Source material below:
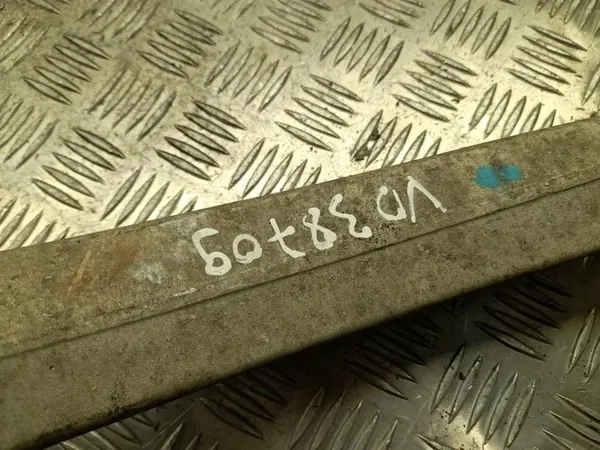 Braccio di Controllo Anteriore Volkswagen Touareg III CR 2024 Destro 4M0407694 image 3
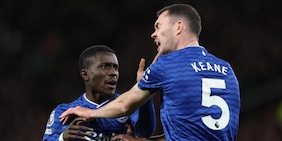 Clamoroso all’Old Trafford: Gueye espulso dopo schiaffo a un compagno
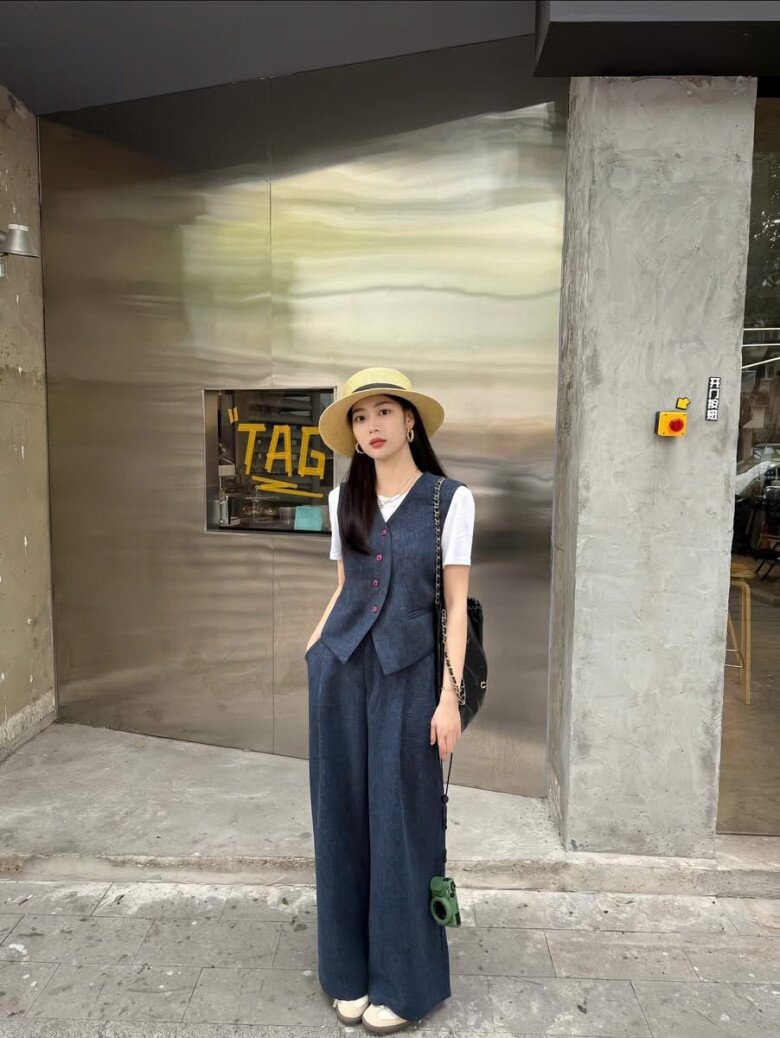 Chị em có thể mix amp; match gile vest với áo phông giúp diện mạo thanh lịch hơn.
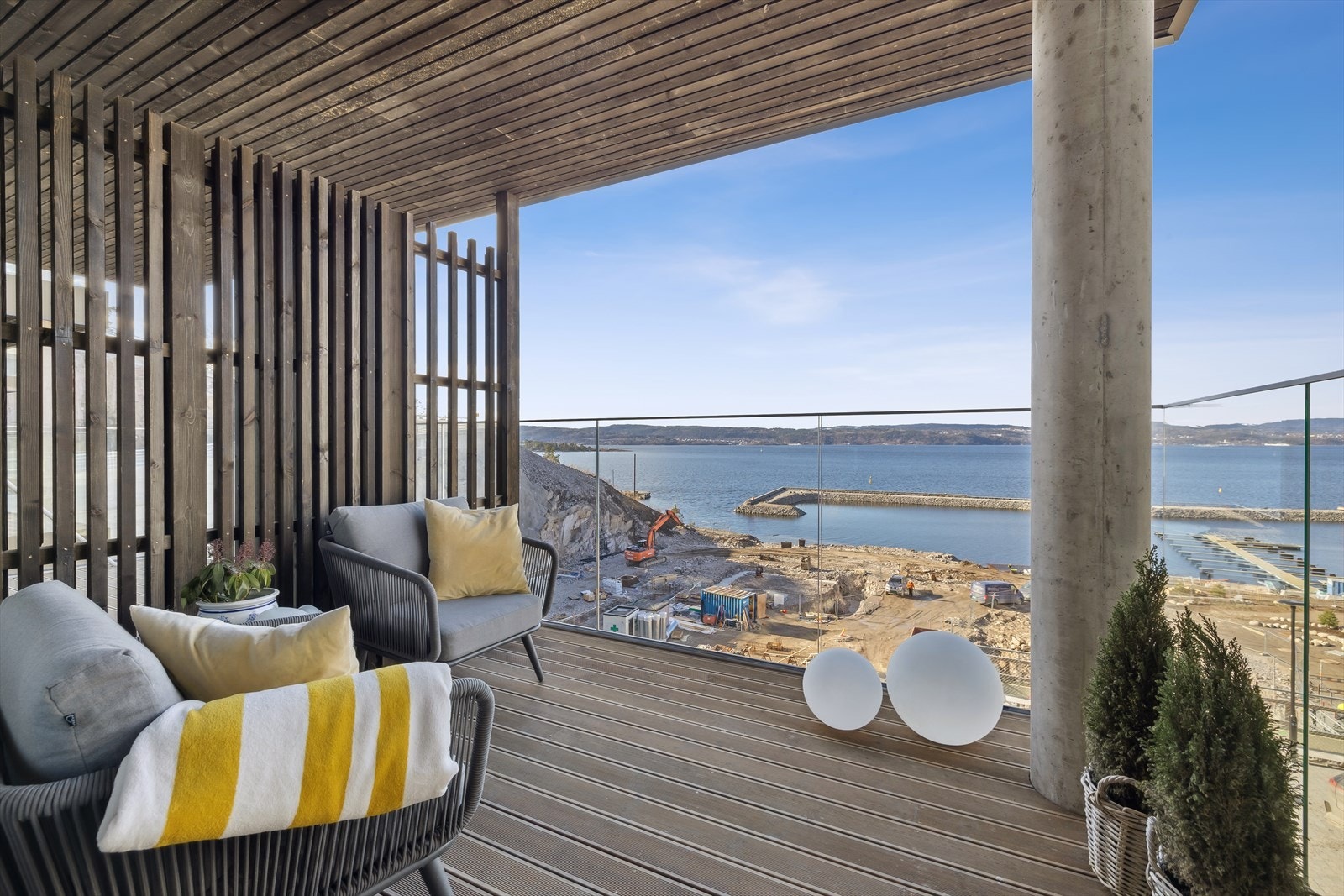 Fra stuen/kjøkkenet er det utgang til en solrik balkong med sjøutsikt. Galleribilde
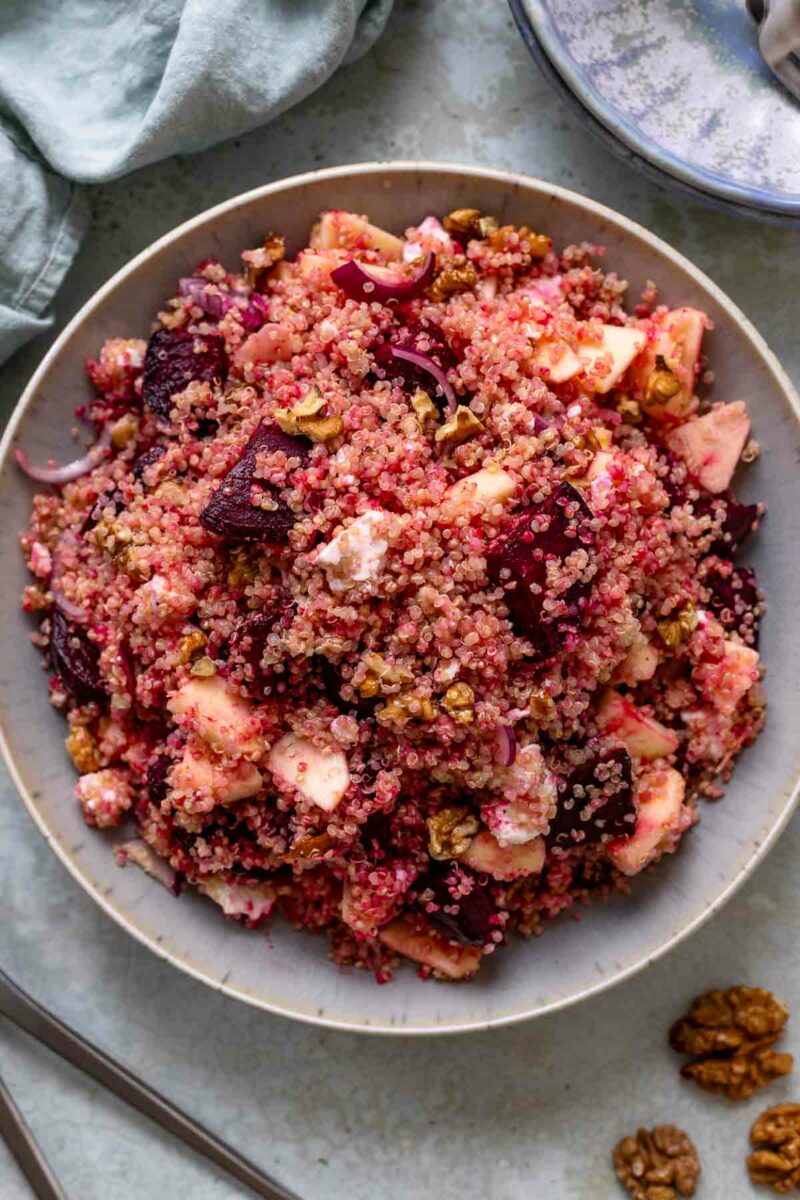 Rote Bete Quinoa Salat Rezept mit Feta, Walnüssen und Walnuss-Vinaigrette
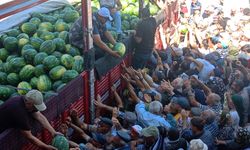 Ücretsiz Dağıtılan 26 Ton Karpuz 45 Dakikada Bitti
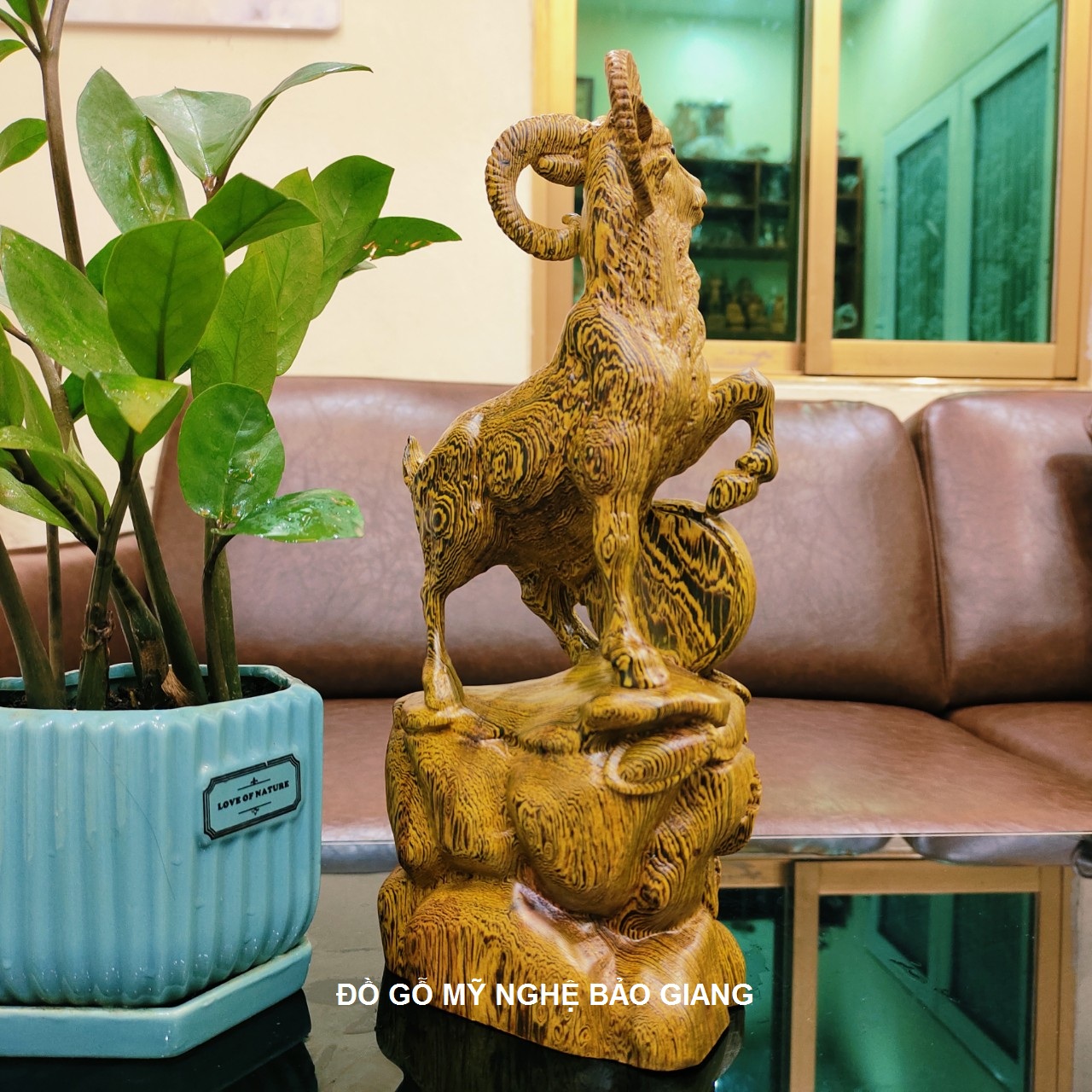 Tượng con dê gỗ mun đuôi công cao 20 cm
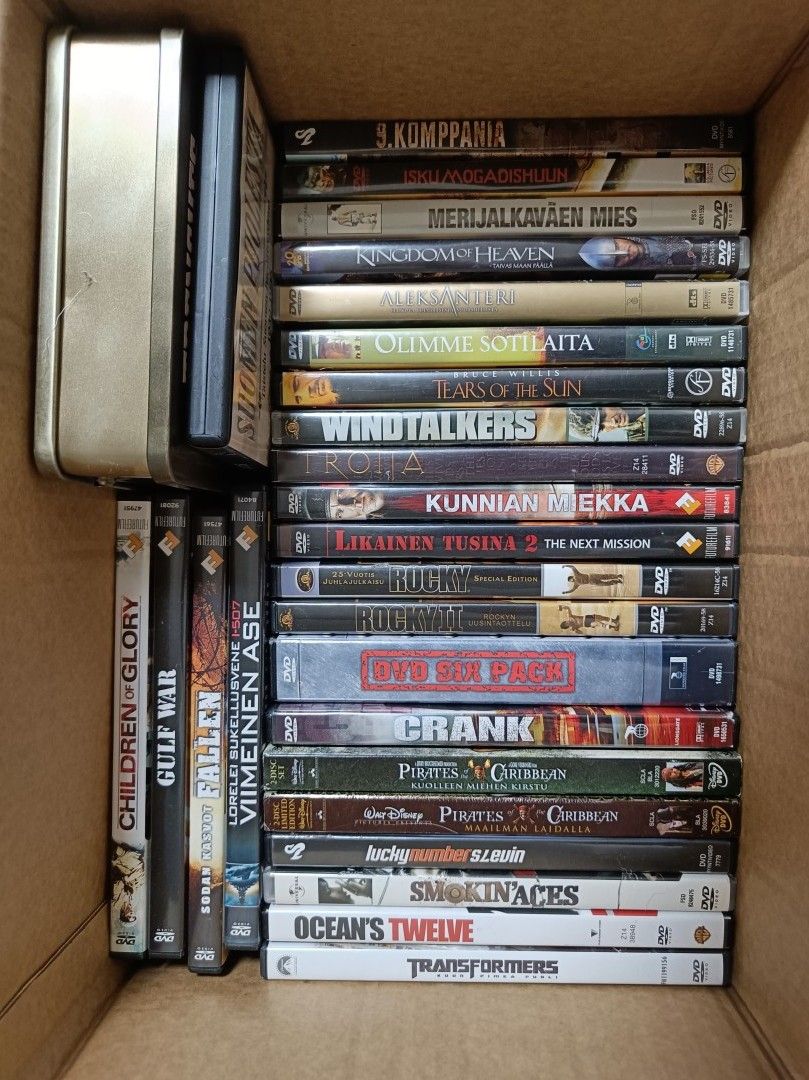 DVD elokuvia (31x) ja sarja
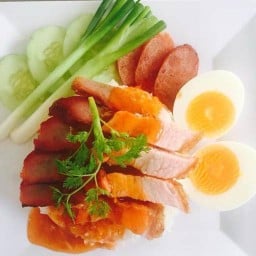 ร้านหมูแดงฮ่องเต้ หนองหอย หนองหอย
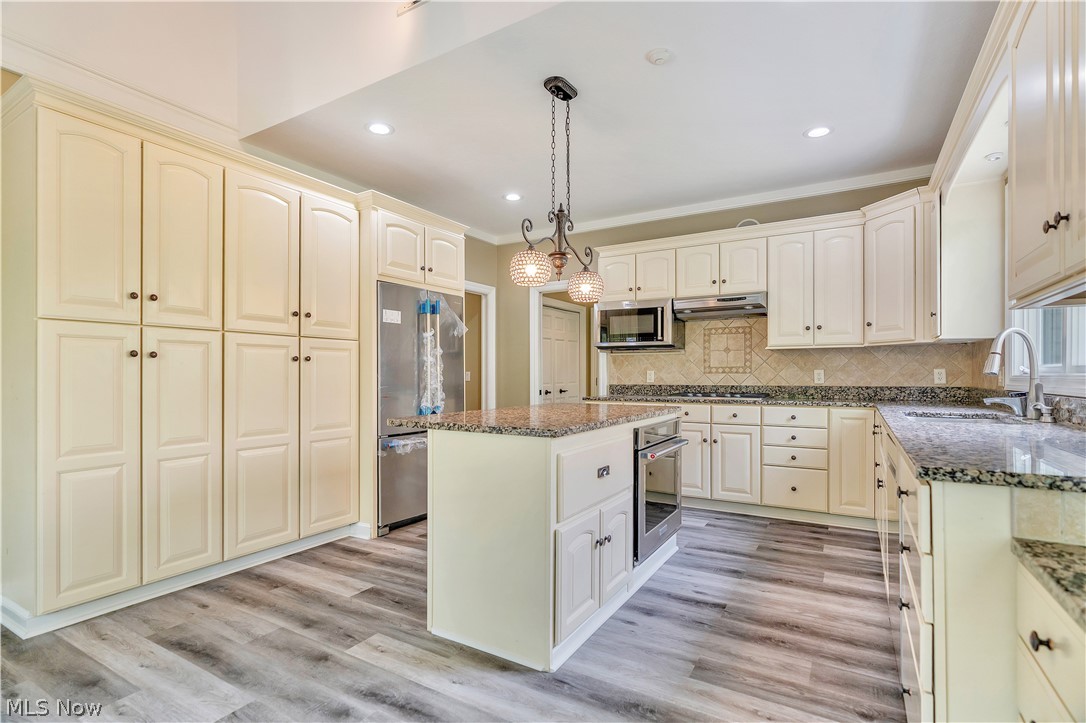 Glenmoor Estates - Residential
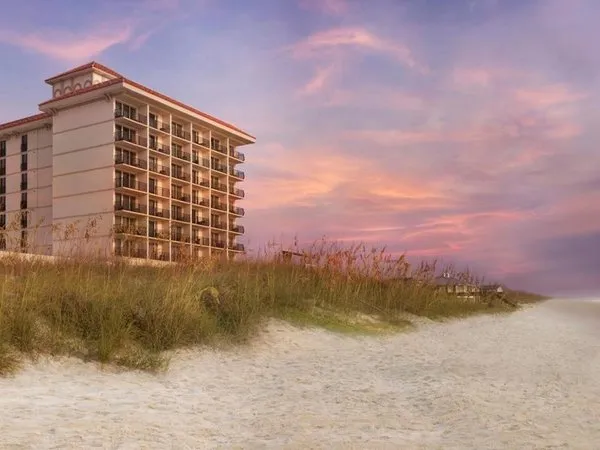 Dune House Hotel & Spa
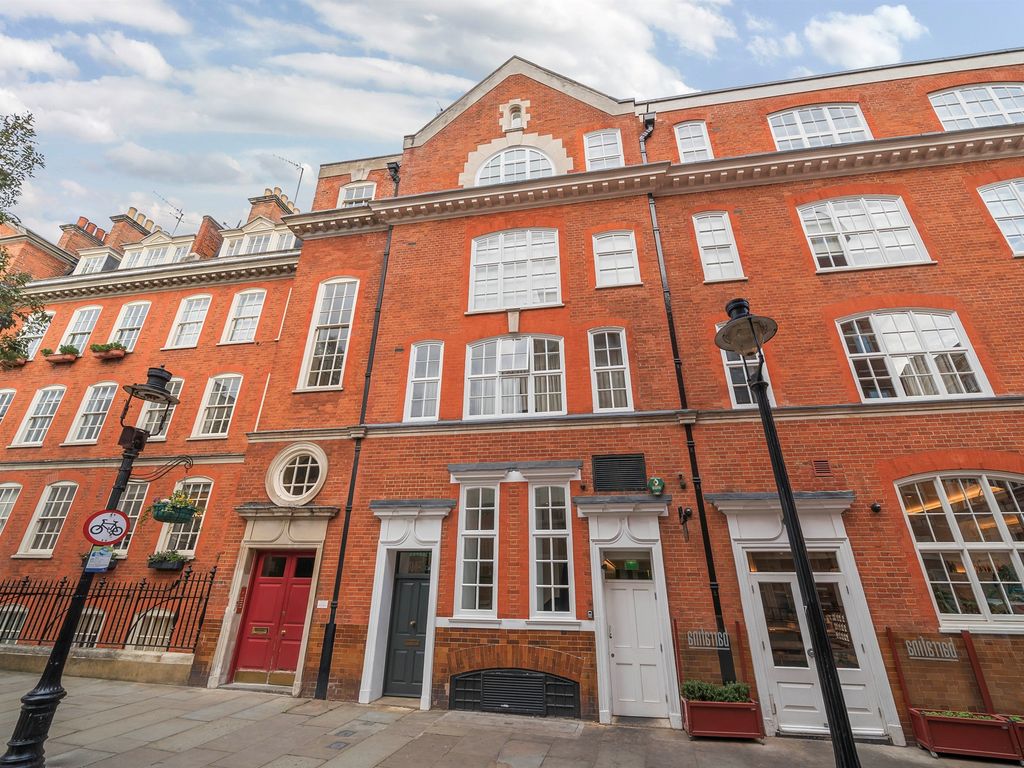 1 bed flat for sale in Broad Court, Covent Garden, London WC2B, £800,000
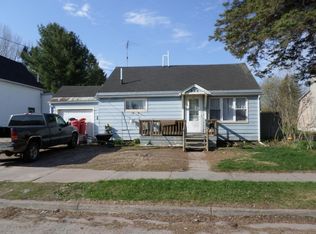 924 Cedar St, Sault Sainte Marie, MI 49783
End of Source material.
What is needed:
The records above, copied word for word without the pictures, are what should be output.

Final answer:
 Braccio di Controllo Anteriore Volkswagen Touareg III CR 2024 Destro 4M0407694 image 3
 Clamoroso all’Old Trafford: Gueye espulso dopo schiaffo a un compagno
 Chị em có thể mix amp; match gile vest với áo phông giúp diện mạo thanh lịch hơn.
 Fra stuen/kjøkkenet er det utgang til en solrik balkong med sjøutsikt. Galleribilde
 Rote Bete Quinoa Salat Rezept mit Feta, Walnüssen und Walnuss-Vinaigrette
 Ücretsiz Dağıtılan 26 Ton Karpuz 45 Dakikada Bitti
 Tượng con dê gỗ mun đuôi công cao 20 cm
 DVD elokuvia (31x) ja sarja
 ร้านหมูแดงฮ่องเต้ หนองหอย หนองหอย
 Glenmoor Estates - Residential
 Dune House Hotel & Spa
 1 bed flat for sale in Broad Court, Covent Garden, London WC2B, £800,000
 924 Cedar St, Sault Sainte Marie, MI 49783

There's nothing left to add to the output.